Back to newsroom

The Independent: Drax’s dynamo is the power behind our electricity

08/04/2014

If you have ever wondered what Dante’s Inferno might look like, step inside the belly of the Drax power station in Selby and you’ll get a feel: towering hulks of black steel girders reaching up to the sky, as high as you can see without breaking your neck; enormous tanks of pulverised coal, hissing and belching; gargantuan fans carrying steam at temperatures of 568C into the six boilers, each with about 300 miles of piping coiled around them like snakes.

The beast has its Virgil: Pauline Butler, who, through earplugs and headphones because it’s so noisy, explains precisely how this terrifying yet magnificent feat of engineering pumps enough electricity each day to fire the homes of 6 million people. Its output is about 3.4 gigawatts, making it the UK’s biggest single power generator, providing 8 per cent of all our electricity.

To create such magic, Drax eats up about 8.5 million tonnes of coal but spews out about 22 million tonnes of dirty CO2 gases each year.
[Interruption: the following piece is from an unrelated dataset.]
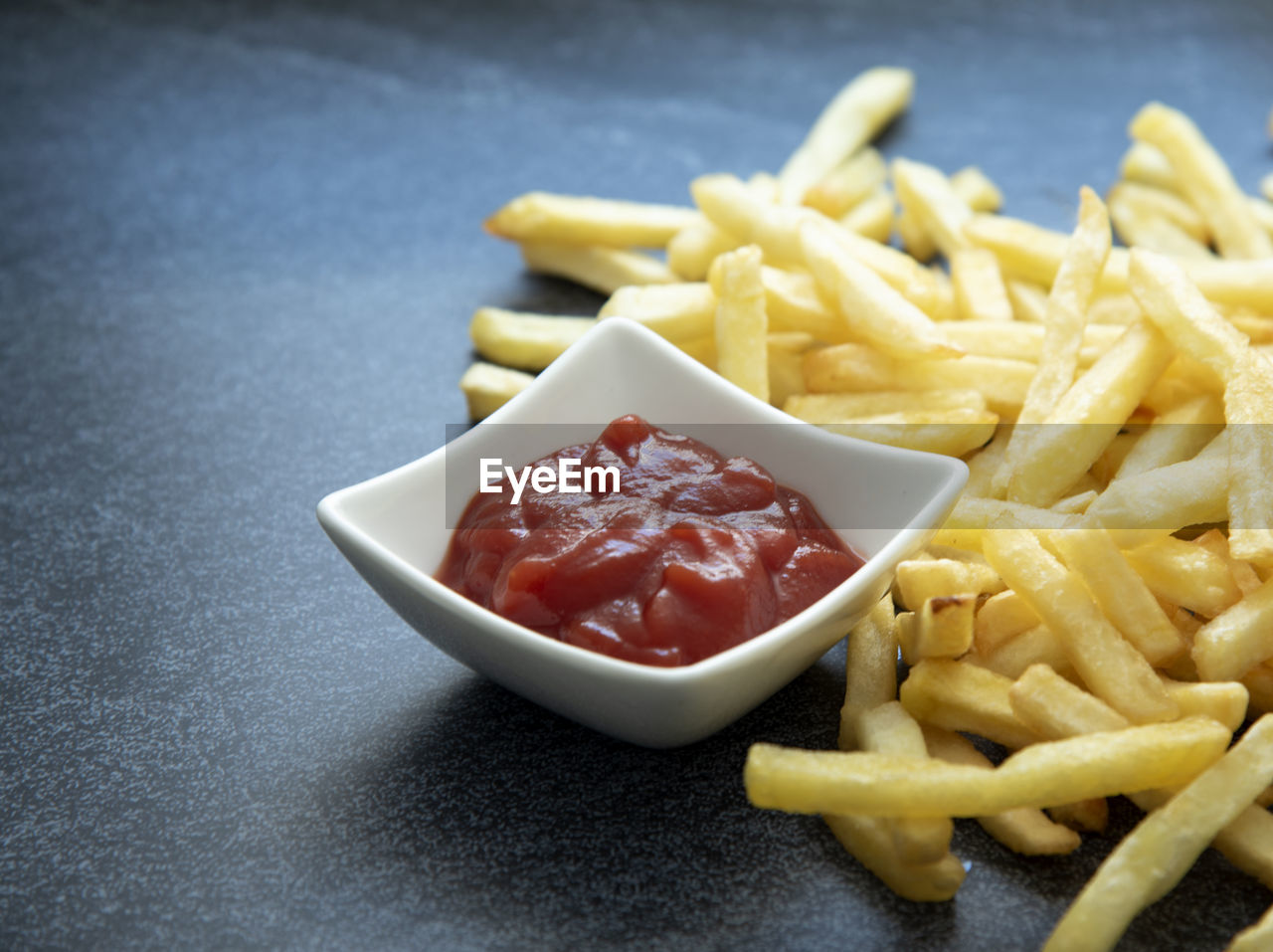 CLOSE-UP OF PASTA WITH FRIES AND SALAD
Now the beast is changing its diet. For the past year one of the six burners has been fed with wood pellets that have travelled 2,000 miles from the forests of Mississippi by ship and rail to North Yorkshire. Once here on the Selby site, the biomass is stored in brand-new ballooned-shaped domes as big as Istanbul’s majestic Hagia Sofia.

A few hundred metres away from this extraordinary moon-like landscape I wait in offices that have the feel of a glorified Portakabin to meet the woman behind Drax’s newest industrial revolution: its chief executive, Dorothy Carrington Thompson. “Ah, Dorothy,” says the receptionist, with the same sigh of awe that everyone uses when they talk about the boss: “She’ll be here any minute.”

The City has a new name for her: the Iron Lady. This is out of respect for her toughness in persuading the Government to back Drax’s ambitious plan to go green because of new carbon taxes. But also for the way she and her team have led the world in converting such a vast coal-fired station to biomass. By doing so, Mrs Thompson has secured more than 1,250 jobs and created another 800 jobs for British contractors. Analysts have been converted too: Drax’s shares have steamed ahead by nearly a third to 750.5p over the last year, valuing it at £3bn, and the shares are still rated a buy.

Mrs Thompson arrives looking glamorous; incongruous against the mud and vapour of the site where she spends most of her working week, commuting from York. It’s hot in the room and she takes off her jacket; her bare arms look as though she works out. So how did this Iron Lady pull off such a transformation? “No one thought coal-fired stations could be converted on this scale but our engineers have been working by trial and error on this for years, experimenting and designing over and over again.”

Their biggest problem was working out which biomass to use and how to store so much of the stuff in controlled conditions; biomass dust is many times more combustible than coal dust as it ignites spontaneously. Eventually, her engineers came up with the solution: domes made by inflating gigantic polyurethane balloons and then lining them with concrete – a sort of inside-out papier-mâché process.

Two of the four domes are now feeding one of the boilers with biomass fuel which is powering about 1 million homes, she says. The aim is to have half the plant operating with biomass by 2016, thus reducing CO2 emissions by half. But it’s been costly: Drax has spent £700m on the domes, new conveyor belts and the trains bringing the pellets from the ports. Two new upstream supply plants, and new port facilities, are also being built in the US.

 With coal so cheap, is it worth the cost? “But of course,” she says, a little archly. “I confess I am a believer in climate change. We need to do all we can to ensure a low-carbon environment and be as careful as we can about sustainability. CO2 emissions are already much lower as a result of the one burner using wood.”

Biomass is also the most flexible and reliable of all renewables: “It is the only renewable which can deliver low-carbon electricity on demand, at the scale the grid needs and when it’s needed. At a time when margin capacity is so low, the UK needs a good balance of power sources. Other sources such as wind farms are nowhere near as reliable.”

Yet Drax has its critics. Ultra-greens argue that taking wood from the US forests is as ecologically damaging as using coal, while others claim that the taxpayer is paying too much in subsidies: under a new contract-for-difference scheme, the Government has given Drax a guaranteed strike price, which some argue keeps electricity prices higher than they could be.

But she swats down both arguments: “The biomass we use is the by-product of the forests, which are sustainable and renewable. As to subsidies, Drax is a national strategic asset and government needs the security when energy supplies are so fragile.

“Everyone here feels a real responsibility towards the public to ensure supplies are kept going. What we have achieved is totally home-grown and we feel great pride in what’s been done.”

And so should we: pride in the workers such as Mrs Butler, who guides thousands of people around the site each year, and all those who risk their lives daily in the inferno, and those in the control rooms glued to their screens monitoring the fires that burn to keep our lights on.